Let me just start off by stating this…I am a data tracker. I love seeing the various statistics from my tracking devices/apps that I use. It pushes me, it makes me want to do more, even when I can’t. Seeing those miles build up makes me want to get out and run. If I am behind on water intake or not sleeping well, I adjust, because the stats are what drive me.
I have been tracking my data with my Note 4 and my Neo 2 watch since October 2014 and I have been tracking my running since May 2011. December 2nd I hit 1000 miles tracked in my Nike+ running app. That was a HUGE milestone for me.
In 2011 I ran a total of 70.20 miles for the year. I had an overall average pace of 12 minutes and 14 seconds. I ran a total of 14 hours:50 minutes:41 seconds that year in 49 runs. I started in May and never looked back.
My stats the following years are as follows:
2012: Distance 78.20 miles, Pace 12mins 44 secs, Duration 16 hours:36 mins: 48 secs in 37 runs.
2013: Distance 298.50 miles, Pace 12mins 39 secs, Duration 62 hours, 58 mins, 7 secs in 140 runs.
2014: Distance 231.70 miles, Pace 13mins 14 secs, Duration 51 hours, 04 mins, 54 secs in 111 runs.
2015: Distance 321.30 miles, Pace 13mins 37 secs, Duration 72 hours, 54 mins, 37 secs in 102 runs. (So far, I still have the rest of December to add).
So as you can see I have increased almost every year, in 2013 I started training for full contact medieval combat and pushed my running far more than I probably should have. I have since gotten a more balanced workout going that isn’t ALL about cardio, although that is still a vital part of what I do.
This year has been especially hard on me, since June I have been plagued by one form of injury or another. I can tell this sport is taking a toll on my body and I can no longer just bullhead my way through it. I have to assess the damage that occurs and evaluate how to heal properly. This is something that requires patience, which is something I have a very limited supply of hehe.
I am currently healing from an IT Band tear that happened during my first half marathon earlier this year in October. Recovery is going great but it takes time and happily it has given me some insight into why I hurt myself in the first place.
I was morbidly obese most of my life, I was never the small girl who suddenly put on too much weight. I was always big. My bone structure is built more like a man, thick bones, broad shoulders, flat hips and I was able to carry over 450 pounds fairly easily. However, it affected me much more negatively than I ever thought.
When I first started running I never really thought about how I was doing it. I assumed you just moved your legs faster and that was all that was to it. Over those first few months my legs constantly hurt and I always felt needles in my legs after a run. This led me to try out the Five Finger toe shoes during my run. The pain went away, and while I eventually moved to a minimalist running shoe (Merrill Bare Access), I never went back to a typical running shoe again.
I found out today, after using an anti-gravity treadmill, that I have a cross-over gait and I over compensate with my left leg, and that is what most likely led to my ITB tear. While I have lost most of my weight, I still carry 30-40 pounds of excess skin and fat my body has forgotten about around my middle section. I am an apple on a stick body type and I carried all my weight in my tummy. How my body deals with that extra weight is part of my problem.

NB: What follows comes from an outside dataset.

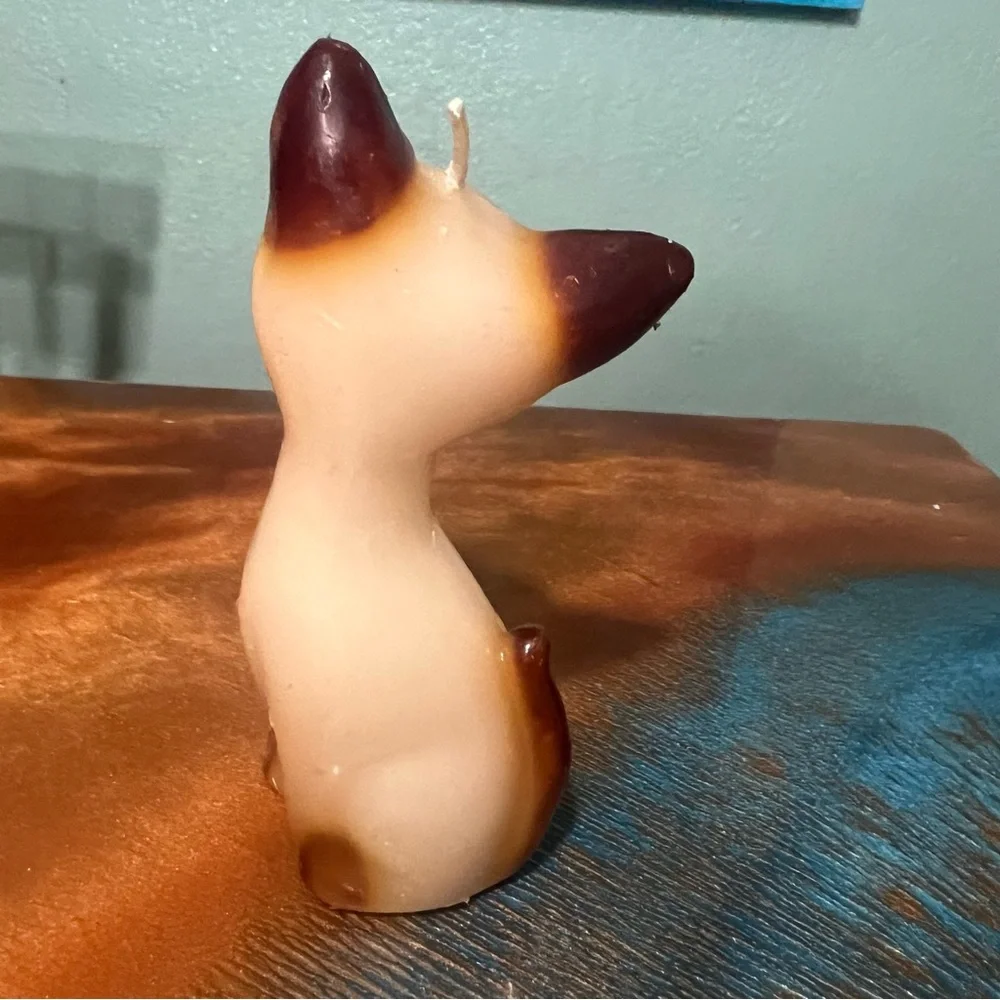 Vintage blue eyes Siamese cat candle new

My body is over compensating for various reasons, and various issues from my past. I go in for a full gait analysis next week and I get to find out exactly how much I need to relearn about my running. I know its the key to making sure I am not hurting myself further by simply not knowing what my body is really doing to itself.
I was explaining this to a friend of mine and his reply was “Wow, Science!” and its true! Running is something we learn as soon as we have mastered walking as a toddler. Its the next logical progression. Yet for some of us, that progression never really fully formed. I never liked to run as a fat kid. I did everything I could to get out of gym class. I wanted to stay wrapped up in my books, or daydream the afternoon away. In my high school and college days I was in band and marching band season was hell, I only did it because I loved to play music. But all in all, I was never athletic until now.
Becoming an athlete in your late 40’s is not impossible, I am living RUNNING proof of that, but I do recommend you learn as you go and if you have issues, like shin splints or muscle tears, you figure out why. When I tore my gastroc several years ago, I probably should have delved deeper into why…because it was also on my left, over-compensating leg of destruction =)
Live and learn…key word being LIVE!!!
No matter what, I enjoy what I am doing with my body, my life is amazing and I would not go back to the sedentary life I had before, ever again. But it’s good to know the right way to do things to help stave off future injuries and more wear and tear on my body. I turn 49 in 4 days, and it promises to be one hell of a year. I don’t want to deal with more and more injuries as I get older…I’d much rather simply get wiser!